Ainda nas palavras do ilustre jurisconsulto e docente universitário que vimos de citar, trata-se de um contrato juridicamente atípico, mas socialmente típico, assim explicando tal fenómeno do seguinte modo: «De entre os contratos previstos em outros códigos é, a título exemplificativo, de mencionar alguns dos constantes do Código Comercial - como o transporte (arts. 366º ss. C.Com.) ou o seguro (arts. 425.° ss. C.Com. - ou do Código do Direito de Autor e Direitos Conexos - como o contrato de edição (artºs. 83 ss. do Código do Direito de Autor). Ao lado destes contratos típicos têm as partes liberdade de ajustar negócios jurídicos atípicos de índole variada[1]. Normalmente, o legislador tipifica aqueles contratos a que as partes recorrem com maior frequência; são exemplo disto o leasing e a agência. Dizendo de outro modo, a tipificação legal é normalmente precedida de uma tipificação social; verificando-se que um determinado contrato está enraizado na prática jurídica (tipificação social), com alguma frequência ele vem, depois, a ser legalmente tipificado. Mas subsistem como atípicos contratos que são usados há bastante tempo, como a hospedagem ou a concessão comercial. Nas últimas décadas, muitas vezes por influência norte-americana, surgiram na prática contratual portuguesa diversos contratos, como o factoring e o franchising» .

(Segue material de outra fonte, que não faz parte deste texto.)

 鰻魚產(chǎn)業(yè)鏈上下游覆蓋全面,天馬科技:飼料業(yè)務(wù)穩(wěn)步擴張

No plano doutrinal mais relevante, pode consultar-se, na vasta obra do Prof. Menezes Cordeiro, o seu Manual de Direito Comercial, onde se lê a seguinte passagem cujo relevo para a questão ora decidenda é incontestável: «Nada impede as partes de confeccionar contratos atípicos de distribuição. De todo o modo, havendo distribuição, encontraremos sempre um núcleo contratual bastante próximo da agência. Esta pode ser considerada como a figura-matriz dos contratos de distribuição. As suas normas podem alargar-se aos contratos de distribuição acima referidos e, ainda, aos contratos de distribuição atípica. A esta luz compreende-se a relevância comunitária assumida pela agência» (Menezes Cordeiro, Manual de Direito Comercial I, 2001, Almedina, pg. 494)
(…)
Já atrás tivemos ensejo de esboçar, ainda que a traço necessariamente grosso, os contornos da figura do denominado contrato de distribuição comercial – enquadrando-o no genus proximum de contrato de concessão comercial – como sendo um negócio jurídico bilateral (contrato) mediante o qual uma das partes, o distribuidor, se vincula a adquirir à outra parte, o principal (produtor ou importador-fornecedor), uma quantidade de bens comerciais para posterior colocação no mercado numa certa área e por sua conta e risco.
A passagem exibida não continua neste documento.